L’Héritage de Rogier van der Weyden. La peinture à Bruxelles de 1450 à 1520 (12.10.2013 > 26.01.2014)
Atelier de Rogier van der Weyden : « La Déploration devant le tombeau ouvert ». Firenze, Gallerie degli Uffizi
Deux commissaires très complices, le Dr Véronique Bücken ( chef de la section Peinture ancienne aux musées des Beaux-Arts de Bruxelles) et le Dr Griet Steyaert (collaborateur scientifique) se sont épaulées avec grand enthousiasme pour faire partager au public leur impressionnant travail de recherche, débuté il y a quatre ans à propos des « Petits maîtres bruxellois » du dernier quart du XVIe siècle bourguignon.

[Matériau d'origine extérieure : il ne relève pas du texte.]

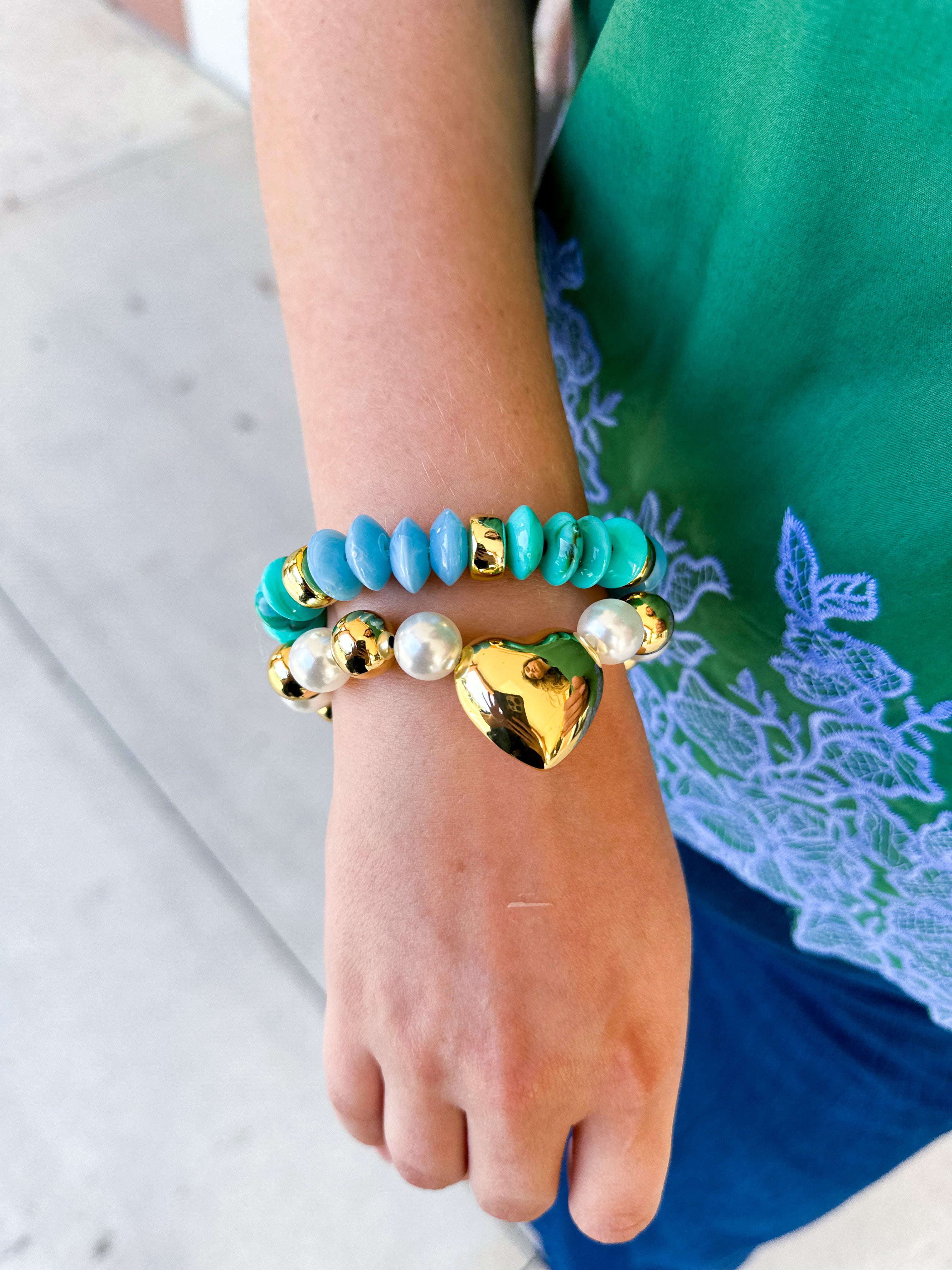 Treasure Jewels - Happy Dance Beaded Bracelet-110 Jewelry & Hair-Treasure Jewels-July & June Women's Fashion Boutique Located in San Antonio, Texas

Griet Steyaert est docteur en histoire de l’art, spécialiste des « suiveurs » de Rogier van der Weyden, et auteur d’une thèse consacrée au Maître de la légende de sainte Catherine. Egalement restauratrice, elle est particulièrement qualifiée pour l’étude technique des peintures. Elle vient d’achever la restauration du Triptyque des sept sacrements de Rogier van der Weyden, conservé au Musée royal des beaux-arts d'Anvers. Véronique Bücken signe quant à elle, le somptueux catalogue de l’exposition qui s’est ouverte récemment aux musées Royaux des Beaux-Arts de Bruxelles. Magnifiquement illustré, il réunit à la fois la beauté, l’exigence des qualités scientifiques et l’art de la transmission de notre patrimoine artistique.

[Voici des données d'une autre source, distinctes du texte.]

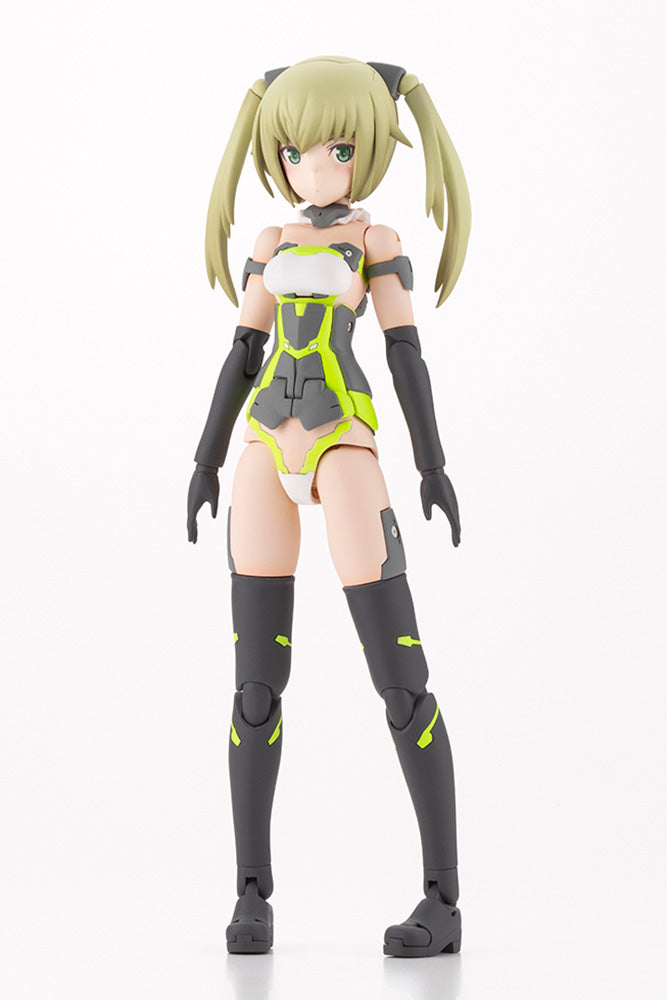 Frame Arms Girl x Maruttoys Innocentia (Racer Ver.) and Noseru (Racing Specs Ver.) Model Kit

Maître de l'Adoration du Prado : « La Présentation au Temple ». Washington, National Gallery of Art
Rogier van der Weyden est né à Tournai, commune autonome dépendant du roi de France vers 1399/1400 sous le nom de Roger de la Pasture. Son père, Henri de la Pasture, est coutelier. Il fit partie de ce que l'on a appelé l'«école des primitifs flamands» une appellation née au XIXème siècle pour désigner les peintres flamands qui se spécialisèrent dans les scènes religieuses et les portraits de bourgeois du XVème siècle. Ces peintres innovaient des techniques de peinture à l'huile offrant une grande richesse de tons et des effets de lumière et de transparence. La technique complexe des glacis mêle des huiles aux pigments et vise à la conservation d’un objet peint. Après une sous-couche opaque, on pose sur le tableau la peinture en couches successives très fines et translucides, du plus clair au plus foncé, qui permettent de fondre subtilement les tons entre eux et de leur conférer une luminosité et un éclat particulier. Le tableau en vient à rayonner de l’intérieur. Ce qui est justement le propos des peintres de cette époque et de cette région : créer à la faveur de l’œuvre, un climat de dialogue avec la lumière divine. Roger de la Pasture fut vraisemblablement élève du Maître de Flémalle et ses premières œuvres montrent l'influence de Jan van Eyck.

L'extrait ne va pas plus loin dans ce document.